Da bis zum 31.12.2002 das bauordnungsrechtliche Genehmigungsverfahren noch nicht bestandskräftig abgeschlossen war und der Beklagte das Objekt offenbar auch noch in seinem Besitz hatte (der Beklagte behauptet, er habe die Schlüssel erst zum Jahreswechsel 2002/2003 an den Kläger übersandt), steht dem Kläger ein Anspruch auf Pachtzinszahlung gemäß § 581 Abs. 1 S. 2 BGB jedenfalls noch für den hier geltend gemachten Zeitraum zu.

Die Berufung hat nach alledem keinen Erfolg. Die Kostenentscheidung folgt aus § 97 Abs. 1 ZPO. Die Entscheidung über die vorläufige Vollstreckbarkeit beruht auf §§ 708 Nr. 10, 711 ZPO.

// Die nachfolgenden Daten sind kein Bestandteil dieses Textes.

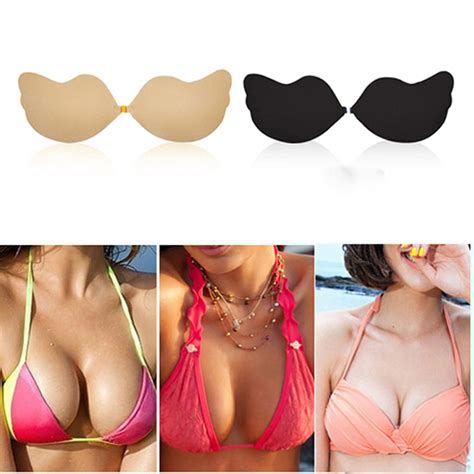 Sexy Push Up Bra Brassiere Self Adhesive Silicone Bra Invisible Bust Front Closure Strapless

Die Festsetzung der Beschwer folgt aus § 26 Nr. 8 EGZPO.

Die Revision wird nicht zugelassen (§ 543 Abs. 2 ZPO). Die Rechtssache hat weder grundsätzliche Bedeutung noch erfordert die Fortbildung des Rechts oder die Sicherung einer einheitlichen Rechtsprechung eine Entscheidung des Revisionsgerichts.